Patrick Deneen of the Front Porch Republic has this week written a post on this very question. In it, Deneen argues two points quite compellingly. The first is that the use of the tropes of freedom of religion or conscience are not ones that inherently come from the Christian tradition. Rather, they are tropes that emerge from modern liberalism, to which the Church as grafted onto itself and taken on as its own. The second is that such a strategy will fail the Church. These two points, and the possible motivations for the Church's adopting this strategy is summarised in the paragraph below

The response of American Catholics to the HHS mandate has (perhaps necessarily) been framed in dominantly liberal terms that give it a chance of receiving a hearing in today’s public sphere and within its Courts. But it should be acknowledged (as the response to the “Compromise” reveals) that the Church will ultimately lose the argument simply due to the fact that the way it is framed already represents a capitulation to liberal premises.

Although this is not mentioned in the post, the key premise to which the Church has capitulated is that the protection of the supposed freedom of religion and conscience it enjoys is completely dependent on the goodwill of the secular sovereign. Political liberalism as it has evolved to this day is not designed to protect anything that is inherent or universally recognisable (as many critical and postmodern analysts have maintained). The protection of any right or freedom that is inherent would in turn depend on a particular vision of the human person, to which is also enjoined the acceptance of a particular philosophical or theological tradition. The problem here, as John Rawls has made quite clear in his work, is that political liberalism gets its legitimacy precisely because it posits itself as not upholding any tradition. With no set telos, what the State upholds or repeals very much depends on, as John Locke would have it, "whatever the greater force compels it". Indeed, as Slavoj Zizek once noted, in many liberal democracies freedom itself can paradoxically be repealed by the ruler if the ruler deems that freedom can be protected in this way (witness the imprisonment of citizens of Japanese decent during the Second World War, or the extra-judicial detainment of its own and other citizens in Guantanamo Bay in the execution of the "War on Terror").
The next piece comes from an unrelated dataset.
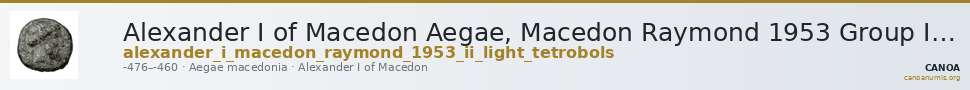 Alexander I of Macedon Aegae, Macedon Raymond 1953 Group II light tetrobols — CANOA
Are there any other ways to conceive of a defense of the Church's current employment plan? A possible starting point is a paragraph in Benedict XVI's first encyclical Deus Caritas Est. In paragraph 25, Benedict makes a profound ecclesiological statement, by positing three interlocking pillars that together constitute the Church: kerygma-martyria (the proclamation of the word), leitourgia (worship, although it should be more broadly defined to its original meaning of "public work") and diakonia (service to the poor). For Benedict, the Church ceases to be discernible if anyone of these components becomes obscured, even if it is done for the sake of better facilitating the other two. Indeed, the interconnectedness of each of these pillars suggests that if one gets compromised, the performance of both the others get similarly curbed.

In light of this reflection, it can be argued that the current HHS Mandate is more than a mere administrative measure, but an ecclesiological attempt by the secular sovereign to redefine the Church itself, in a way that suits the ends of the secular sovereign. If the Church's health insurance plan is an act of either, diakonia to assist its employees in the face of an unfavourable healthcare situation (as a viewing of Michael Moore's Sicko would amply demonstrate) or leitourgia to create the space for a conception of a public in keeping with the vision of the Kingdom of God, then the HHS mandate constitutes an attempt to redefine the competences of the Church in both these areas. It redefines diakonia by claiming that it is the State, and only the State, that has authority in providing for the poor. It redefines leitourgia because the State is disengaging the Church's public vision from its worship by confining leitourgia to mere worship within the four walls of a church hall. To paraphrase William Cavanaugh, the HHS Mandate can be conceived as an attempt for the State to set itself up as an alternative ecclesia by usurping functions that are properly within the ambit of the Christian Church. And Deneen's article suggests that the Christian Church is allowing for such an ecclesiological usurpation by using the strategem of defending "religious freedom".

The upside of deploying an ecclesiological line of defense is that this forms a much more robust foundation for the Church's response to the HHS Mandate: the current administration is not merely violating some "freedom" that it can remould at a whim at any rate. The Mandate is also trying to usurp the means that redefine what constitutes the Church itself. The downside is that such a basis sets the Church on a collision course with the secular liberal status quo, since there would be competing claims to particular competences, and this would very much undermine the Church's comfortable compromise with that status quo. The question that can be asked at this point is whether, in light of the unbounded capacity afforded to the secular sovereign within the framework of political liberalism, such an arrangement has so compromised the basis for the Church's activity as to be worth maintaining as far as the Church is concerned.

Postscript:  The folk at Vox Nova have provided another very useful analysis on this issue, in a more Augustinian vein, in their post "HHS Mandate: A Tale of Two Cities".